----- Exercise inputs -----
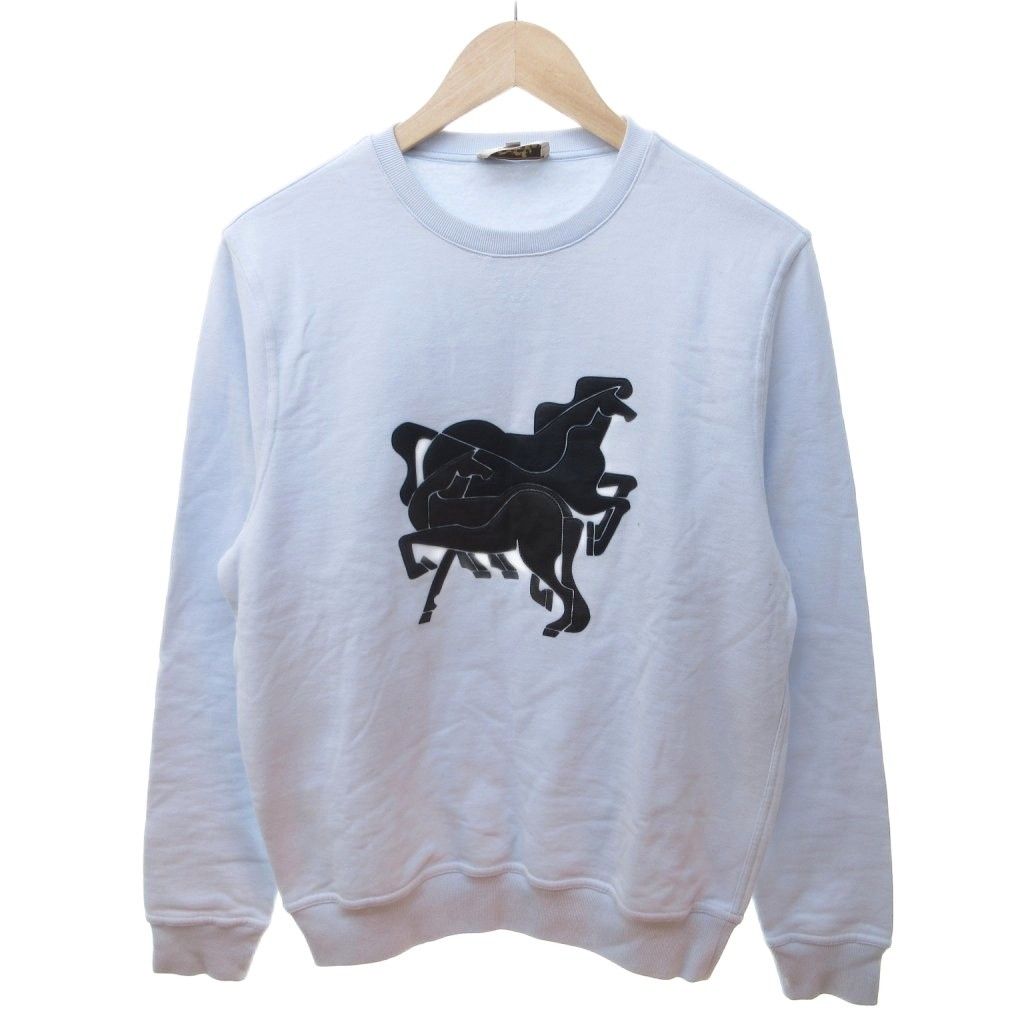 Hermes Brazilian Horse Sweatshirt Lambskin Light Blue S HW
-----
----- Exercise inputs -----
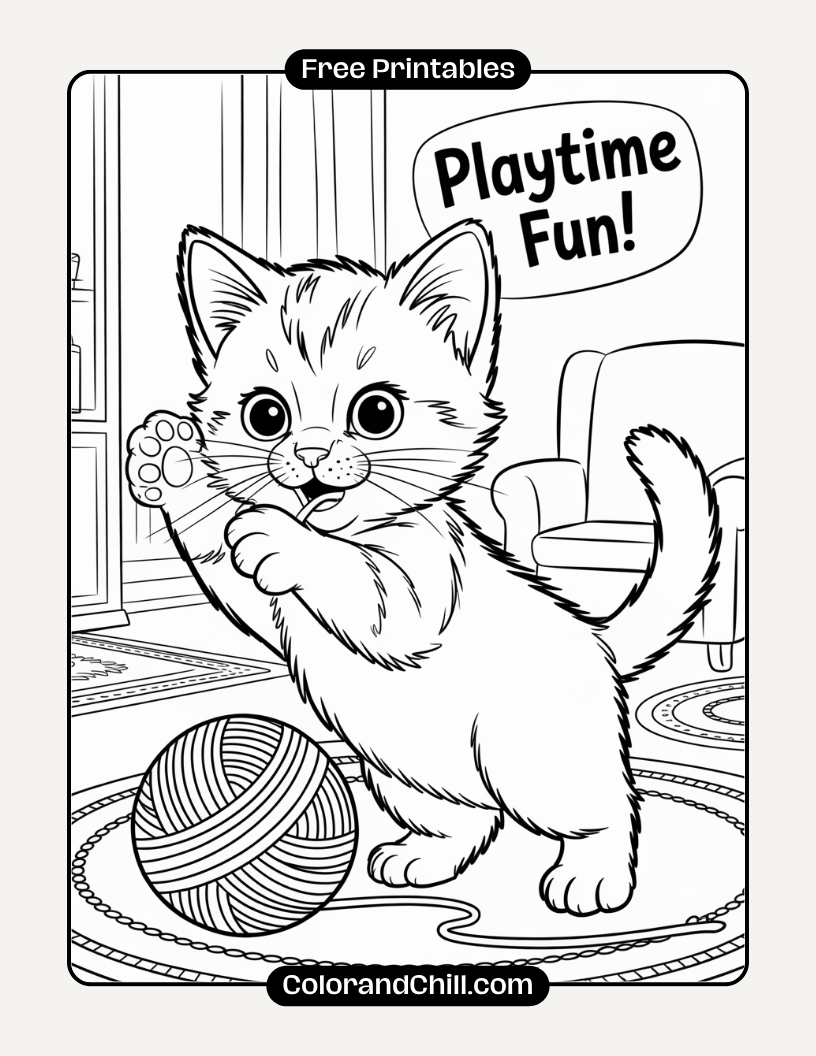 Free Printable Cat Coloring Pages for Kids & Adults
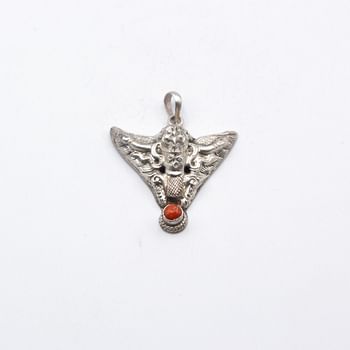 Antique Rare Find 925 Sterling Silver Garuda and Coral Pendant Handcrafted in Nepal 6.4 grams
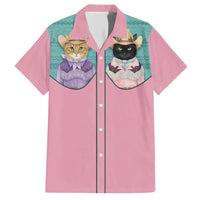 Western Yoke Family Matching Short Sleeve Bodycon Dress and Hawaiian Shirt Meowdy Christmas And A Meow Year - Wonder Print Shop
-----
----- Exercise inputs -----
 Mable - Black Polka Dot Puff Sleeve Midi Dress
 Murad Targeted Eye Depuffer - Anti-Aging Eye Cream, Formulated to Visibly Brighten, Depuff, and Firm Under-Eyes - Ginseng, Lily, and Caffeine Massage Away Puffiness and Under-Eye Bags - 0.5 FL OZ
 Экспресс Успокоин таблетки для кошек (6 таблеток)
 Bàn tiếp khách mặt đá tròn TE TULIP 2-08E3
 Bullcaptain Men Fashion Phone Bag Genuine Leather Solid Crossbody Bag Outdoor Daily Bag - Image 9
-----
- [Aim of the exercise]: In the data above, the stretch from the line with "Free Printable Cat" through the line with "Western Yoke Family" is to be returned exactly, minus any pictures.

- [Answer to this problem]:
 Free Printable Cat Coloring Pages for Kids & Adults
 Antique Rare Find 925 Sterling Silver Garuda and Coral Pendant Handcrafted in Nepal 6.4 grams
 Western Yoke Family Matching Short Sleeve Bodycon Dress and Hawaiian Shirt Meowdy Christmas And A Meow Year - Wonder Print Shop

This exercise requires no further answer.